*** Opening of Exercise materials ***

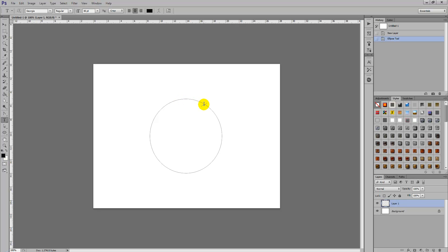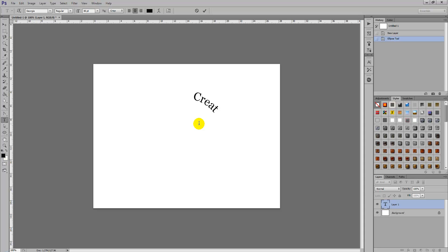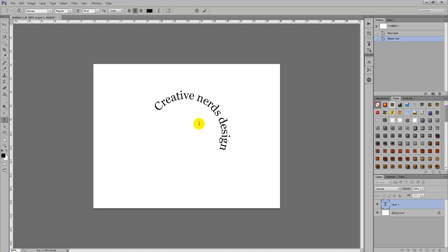We're going to select anywhere on the circle path and just write out some text, creative nerds design blog for instance, and you will notice as you write the text it will instantly follow around the path.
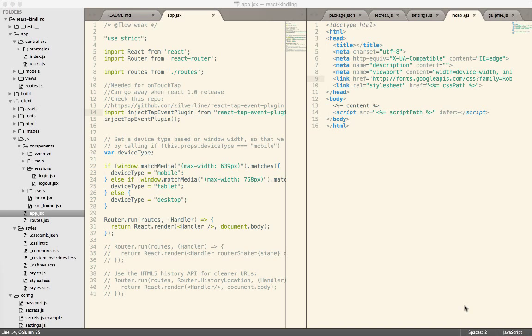Okay, so on Friday we worked on this boilerplate application for React, and when we left there were still some broken pieces. I just wanted to walk through one piece that I fixed over the weekend that Joel and Brandon were working on.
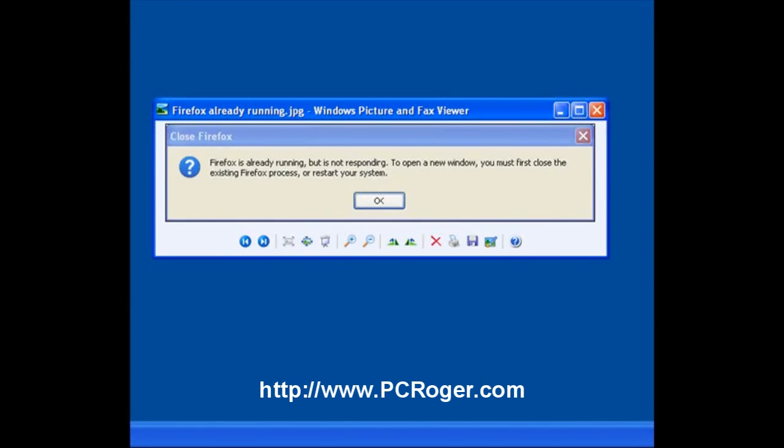Hi, this is PC Roger. I wanted to do a short video about a problem that a lot of people are encountering where they try to open Firefox, their favorite internet browser, and they get a message that looks like this.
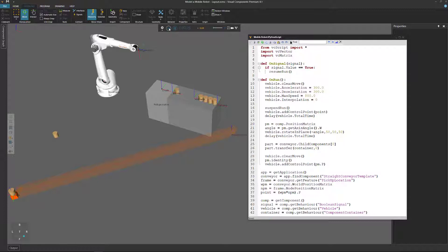Let's now reset our simulation. In the next video, I'm going to show you how to use a transport protocol. A transport protocol will make it easy for the vehicle to know what it's supposed to pick up and where it's supposed to go.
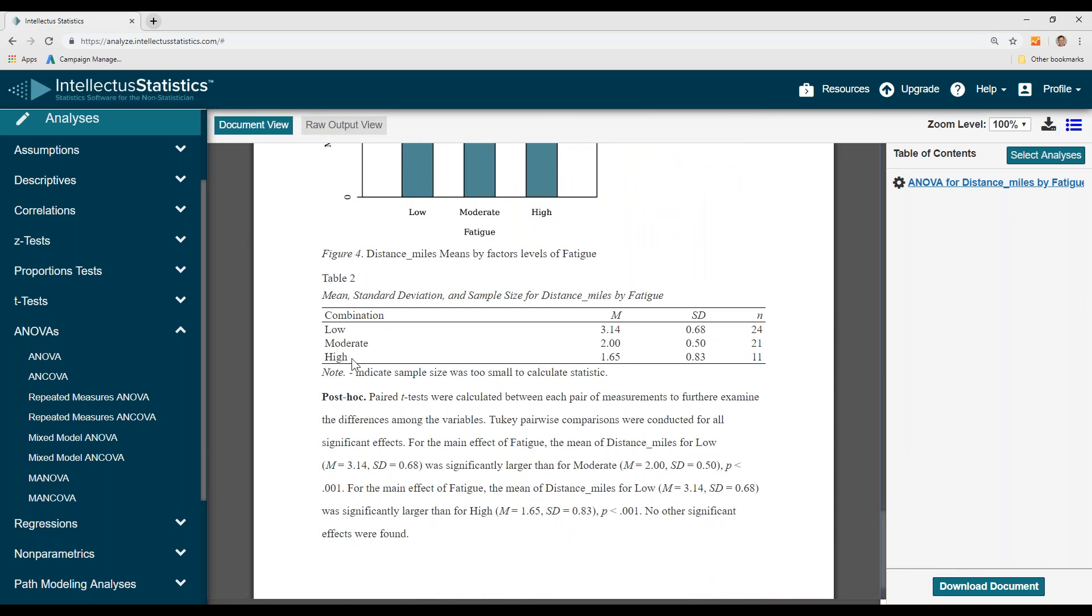Next, we can see those with low fatigue have high running distances, moderate has a little bit less distance, and high fatigue shows lower distances run.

*** Close of Exercise materials ***

What the exercise asks
Each line from the top of the records through the one containing "Let's now reset" needs to be transcribed exactly, without pictures.

Written reply
We're going to select anywhere on the circle path and just write out some text, creative nerds design blog for instance, and you will notice as you write the text it will instantly follow around the path.
Okay, so on Friday we worked on this boilerplate application for React, and when we left there were still some broken pieces. I just wanted to walk through one piece that I fixed over the weekend that Joel and Brandon were working on.
Hi, this is PC Roger. I wanted to do a short video about a problem that a lot of people are encountering where they try to open Firefox, their favorite internet browser, and they get a message that looks like this.
Let's now reset our simulation. In the next video, I'm going to show you how to use a transport protocol. A transport protocol will make it easy for the vehicle to know what it's supposed to pick up and where it's supposed to go.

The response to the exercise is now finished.